— Exercise aim —
Keep every word of the listing and reproduce it exactly, but set aside any image found there.

— Given data —
-------
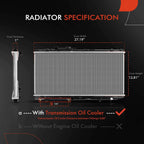 Radiator With Oil Cooler for Toyota Paseo Tercel (1991–1995)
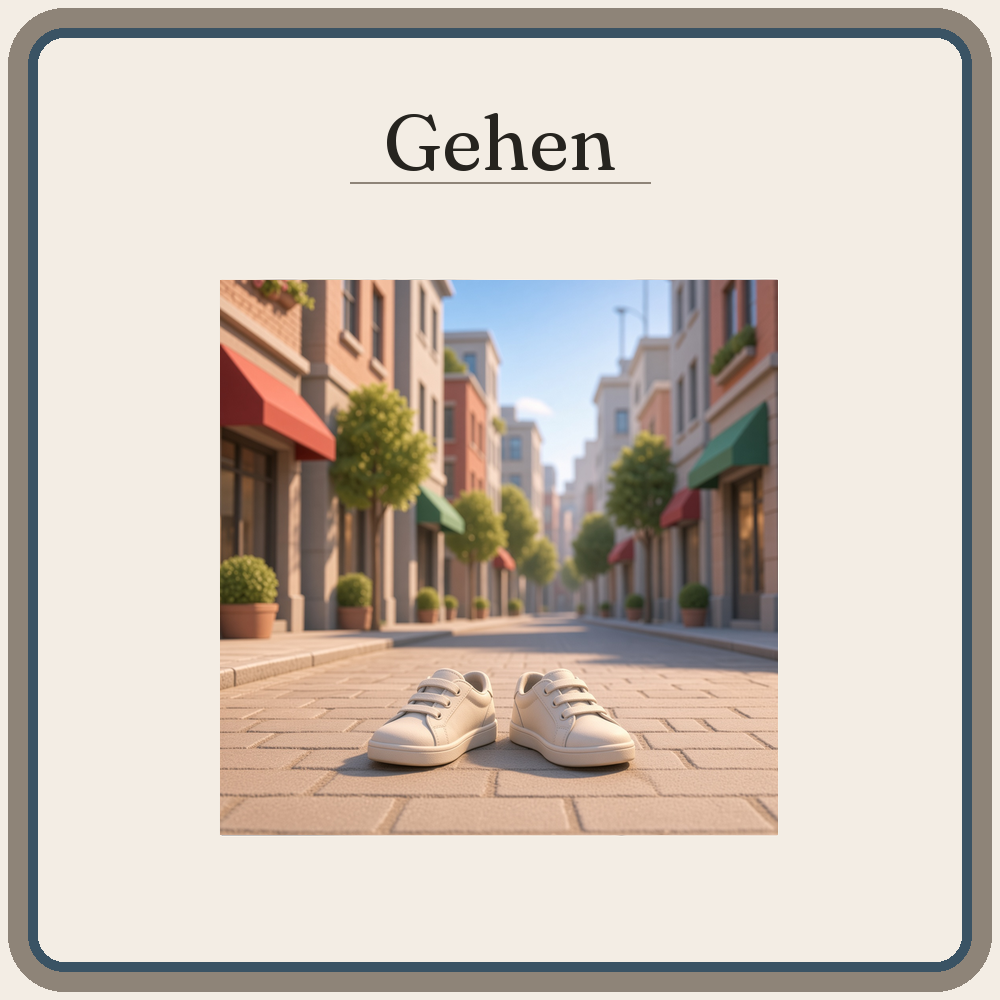 Schild Gehen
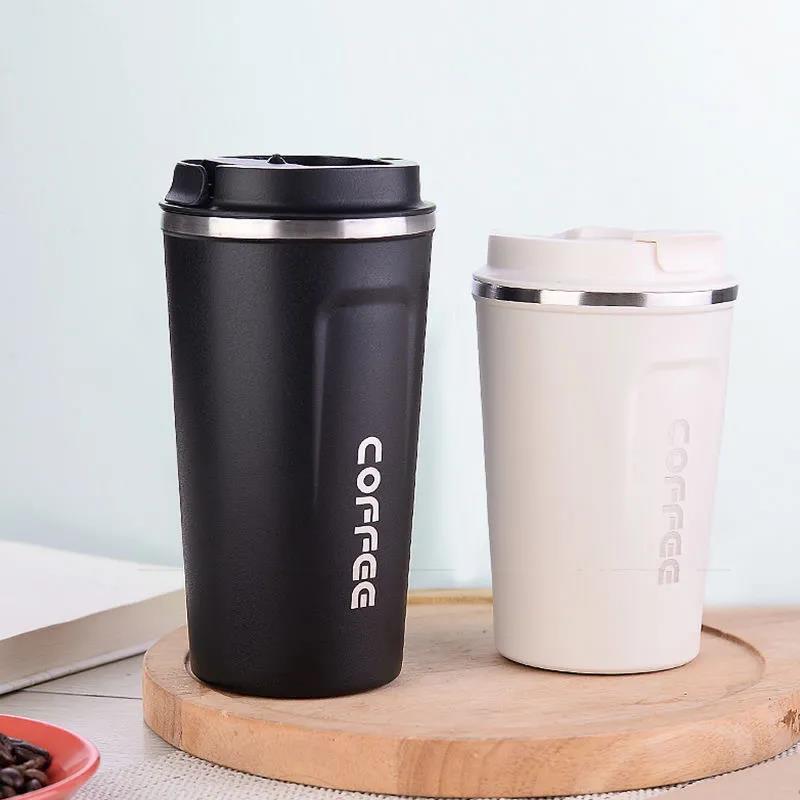 Stainless Steel Coffee Thermos Mug 380/510ml Multipurpose Portable Car Vacuum Flasks Cup Fitness Running Gym Sport Water Bottler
-------
— Solution —
 Radiator With Oil Cooler for Toyota Paseo Tercel (1991–1995)
 Schild Gehen
 Stainless Steel Coffee Thermos Mug 380/510ml Multipurpose Portable Car Vacuum Flasks Cup Fitness Running Gym Sport Water Bottler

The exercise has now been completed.